Мое путешествие в Палестину точно было совершено мною затем, чтобы узнать лично и как бы узреть собственными глазами, как велика черствость моего сердца. Друг, велика эта черствость! Я удостоился провести ночь у гроба Спасителя, я удостоился приобщиться от святых тайн, стоявших на самом гробе вместо алтаря, – и при всем том я не стал лучшим, тогда как все земное должно было во мне сгореть и остаться одно небесное[349].
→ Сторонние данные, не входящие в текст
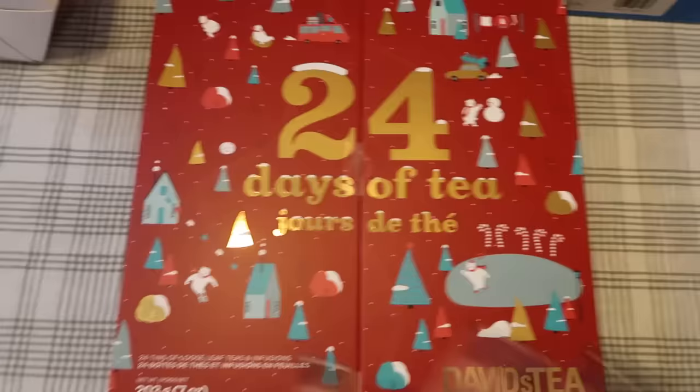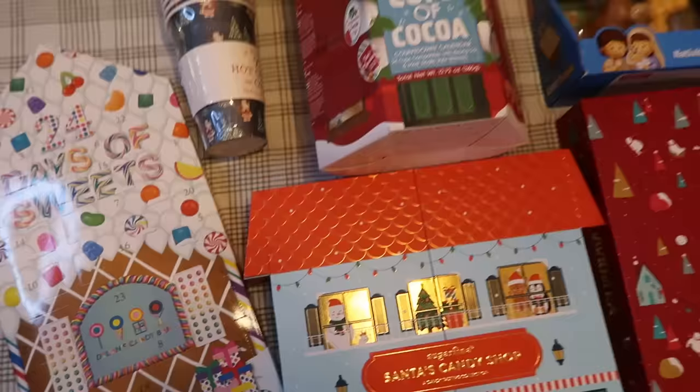I'll put everything linked in the description box below if you want to grab any of this for your family. Thank you guys for watching this video year to year — let me know your thoughts in the comments, and if you do anything fun like this for your family I always love new ideas. See you guys soon!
Мы видим, как в месте, откуда должно свершиться «узрение собственными глазами», возникают две разнонаправленные интенции – одна как бы расфокусированным зрением (что маркировано в письме трижды повторенным «кажется») наблюдает стремительный полет литургического действа, другая, напротив, фокусируется на своей неспособности «стать лучше», «сгореть для небесного»; в первом случае – это воспоминание своего радостного ощущения, во втором – тут же возникающее напоминание о своей вине, «черствости сердца». Разумеется, общим итогом будет подчинение первого впечатления последующему суждению, саморазоблачение и самоосуждение, идентификация с тем из отраженного в зеркале, что – с оглядкой на Ревизора – расценивается теперь как собственный образ. Но именно то комическое, от которого Гоголь в итоге отказывается, и являлось спасением (любого, специального) бытия от сведения его к чистой кажимости и итогового осуждения его на роль деятельности, подчиненной императиву эффективности! Вместо этого Гоголь чувствует свою «чуждость небесам», «недостойность», «отверженность», как если бы он недостаточно усердно служил для заработка благодати – иными словами, не стал «эффективным менеджером» в отношении своей жизни как ресурса спасения. Радость от того, что удалось занять удобное для моленья место; литургия, несущаяся так быстро, что молящийся не в силах угнаться за ней; чаша, вынесенная священником из вертепа, – все это вдруг камнем падает на землю и лежит на ней без возможности применить к делу, как инструменты у ног воплощающего меланхолию ангела с гравюры Дюрера. Там, где имел место habitus возможного, на его руинах – учрежден efficium действительного, новый офис – новая должность – бытия. (Еще в своей ранней книге[350] Агамбен рифмовал дюреровского ангела меланхолии с беньяминовским ангелом истории, прообразом которого послужил Angelus Novus Клее, – не назвать ли последнего Ангелом Служащих, в своем безостановочном полете с бессильным ужасом оглядывающимся на то, во что превратилась и продолжает превращаться жизнь тех, кто «каждый день ходит в должность»? Стоит ли говорить, что лик этого ангела с его широко раскрытыми глазами проявляется на спине демона прогресса, то есть того «эффективного менеджера», который узурпировал исключительное право на жест, обязывающий других служить во славу того или иного «предприятия»?).